Share

BAB 7

Author: mapoeri
last update Last Updated: 2024-06-04 20:00:55

Suara barang yang dibanting terdengar dari dalam ruang kantor yang berada tepat di samping kamar tidur milik Nancy, sepulang dari rumah Dirra dadahnya begitu mendidih karena jawaban yang dilontarkan oleh kedua orangtua perempuan itu.

“Congkak sekali mereka! Hutang sampai batas leher tapi seolah-olah mereka bisa melakukan yang terbaik! Sialan!” Dia memekik sambil melempar cangkir yang berada di atas meja sampai pecah berkeping-keping.

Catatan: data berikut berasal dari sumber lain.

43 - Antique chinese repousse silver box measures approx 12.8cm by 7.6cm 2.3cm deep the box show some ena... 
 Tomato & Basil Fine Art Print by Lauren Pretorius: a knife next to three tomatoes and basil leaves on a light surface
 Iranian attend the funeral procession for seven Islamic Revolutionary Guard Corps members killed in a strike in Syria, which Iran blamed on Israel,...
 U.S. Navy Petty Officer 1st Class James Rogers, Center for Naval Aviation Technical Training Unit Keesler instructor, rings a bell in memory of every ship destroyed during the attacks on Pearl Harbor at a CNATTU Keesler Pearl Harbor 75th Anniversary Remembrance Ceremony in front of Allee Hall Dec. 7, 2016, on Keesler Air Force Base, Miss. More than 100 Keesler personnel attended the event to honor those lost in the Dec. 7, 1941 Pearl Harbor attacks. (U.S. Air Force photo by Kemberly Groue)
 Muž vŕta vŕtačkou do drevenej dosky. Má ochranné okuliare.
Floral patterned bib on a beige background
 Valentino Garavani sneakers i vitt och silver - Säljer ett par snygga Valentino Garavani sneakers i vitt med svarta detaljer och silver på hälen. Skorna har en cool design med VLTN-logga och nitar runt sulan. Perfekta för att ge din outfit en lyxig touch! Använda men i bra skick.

Eveline terdiam mematung mendengar majikannya mengoceh dengan penuh amarah, napas wanita paruh baya itu memburu. Bisa dipastikan apa yang dikatakan oleh orangtua Dirra padanya membuat harga dirinya tercoreng.

“Sudah dihubungi?” Tanya Nancy dengan napas ngos-ngosan pada Eveline.

“Sudah, saya sudah hubungi mereka dan menawarkan sejumlah uang. Mutasi ibu Kaili Gauri sedang di proses oleh perusahaan.

“Saya gak mau tahu, secepatnya mereka harus pergi dari kota ini. Saya gak mau melihat ibunya ataupun wanita itu berkeliaran disini, tambahkan sejumlah uang untuk mutasi wanita itu agar dia mau menutup mulutnya perkara anak Janggala!” Titah Nancy dengan tatapan tajam yang dia berikan pada Eveline.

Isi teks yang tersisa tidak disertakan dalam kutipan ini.